Southeast: Overseas talent could bolster division lineups down the road

By Cory Lavalette

Photo: Russian forward Yevgeni Kuznetsov‘s NHL future remains murky, but the Washington Capitals hope he’ll arrive sooner rather than later (courtesy of

Paul Hebert/Icon SMI)


Rumors are swirling that former Nashville Predators forward Alexander Radulov could be returning from the KHL, perhaps in time for him to contribute to that team’s stretch run and postseason.

European talent can be hard to judge: between the uncertainty of their willingness to come to North America and the limited scouting opportunities, teams roll the dice when they draft or acquire talent from overseas.

Whether it’s gambling on an immense talent in the first round or taking a late-round flier on a little known prospect who hasn’t yet faced top-flight competition, acquiring European players can play huge dividends or set back a franchise.

Here are some players that could help make or break the future of a few Southeast Division teams.

Frederik Andersen, G, Frolunda (SEL) —
A seventh round pick of the Hurricanes in 2010, Andersen has a big uphill climb to make it to North America. Denmark, his home country, has developed just eight NHL players, and none have been goalies.

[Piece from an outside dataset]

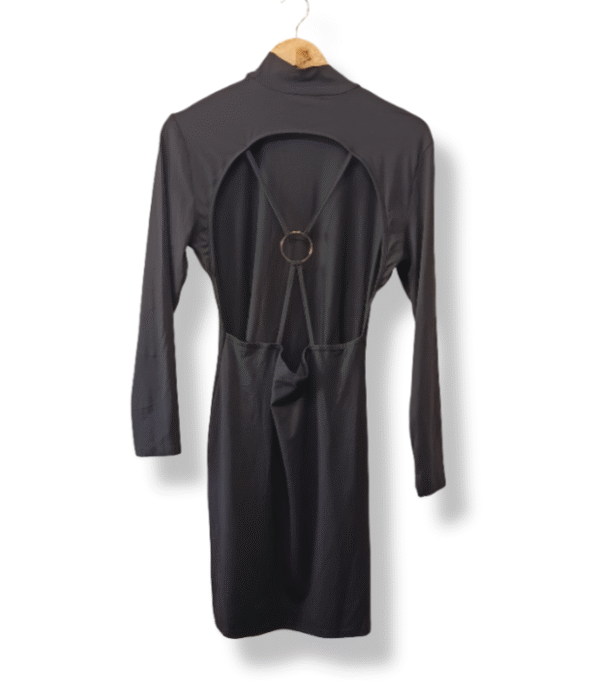 pixelcut-export-1757514424464 Vestido Shein Negro Espalda Abierta con Argolla — Talla S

Andersen dominated the pro league in Denmark for two seasons, but teams — the Hurricanes included — had doubts about his future due to the lesser competition he was facing in his home country. But this year, his first season in the Swedish Elite League, Andersen has not only proven he was ready for a step up in competition, he’s shown he might soon be able to come to North America and begin his quest for the NHL.

In 39 games with Frolunda, Andersen has been arguably the Swedish Elite League’s top goaltender, boasting league bests in goals-against average (1.62) and save percentage (.943).

At 6’4, Andersen has the size coveted by NHL teams and also has a history of winning at every level. His performance at the 2010 World Juniors first opened eyes — he led the way in Denmark’s shocking 4-1 upset of Finland — and he returned and backstopped his country’s entry again this year. His earlier success in Denmark and now in Sweden could lead to a sooner-than-expected arrival in North America.

Nikita Kucherov, RW, CSKA Moscow —
The 58th overall pick by the Lightning at last summer’s draft, Kucherov fits the mold of many Russian snipers. He’s a natural goal scorer who can take over a game at any moment, but perhaps isn’t as committed to playing in his own end.

He was the best player at last season’s World Under-18 tournament, and registered seven points in seven games at this year’s World Juniors Under-20s for silver medalist Russia. But the start of this year was a struggle for Kucherov, leading to a demotion to the MHL (Russia’s second-tier league) before he turned around his season with his play there and in the Subway Super Series that pits Russia’s best young players against the CHL’s top stars.

That led to a promotion back with CSKA Moscow, and the season ended with him finishing with one goal and three assists in 18 games.

Yevgeni Kuznetsov, RW, Chelyabinsk Traktor —
The mantle of best current player never to play in North America could very well be held by Kuznetsov, the Washington Capitals‘ first round pick in 2010. He has been Traktor’s top scorer in each of the past two seasons, and he is already drawing comparisons to fellow countrymen Evgeni Malkin and Alexander Ovechkin in discussing what kind of impact he could make in the NHL.

Kuznetsov was a featured player at the last two World Junior tournaments, leading Russia in scoring — along with Blues prospect Vladimir Tarasenko — last yearwhen his team won gold, then captaining this year’s silver-medal winning entry.

But Kuznetsov’s situation is representative of the risk teams take when drafting a European player. Kuznetsov is said to be considering a long-term offer to stay in the KHL, and if that transpired it would be a huge blow to the Capitals given that they could lose sniper Alex Semin to unrestricted free agency this offseason.

Washington already dodged one nightmare scenario when Kuznetsov’s recent knee injury — feared to be severe — turned out to be just a minor tweak. But getting Kuznetsov to turn down big money to stay home and play may be unavoidable.

Southeast Division Notes

Carolina Hurricanes: The Hurricanes recalled defenseman Bobby Sanguinetti Monday in time for Tuesday’s road game against the team that made him a first round pick in 2006, the New York Rangers. Sanguinetti could make his Carolina debut at Madison Square Garden, about 60 miles from his home town of Trenton, N.J. Sanguinetti previously played in five games in the NHL, all with the Rangers in 2009-10, before being traded to the Hurricanes at the 2010 Entry Draft for a second round pick in 2011. He leads the Charlotte Checkers, Carolina’s AHL affiliate, in scoring by a defenseman with 35 points in 49 games.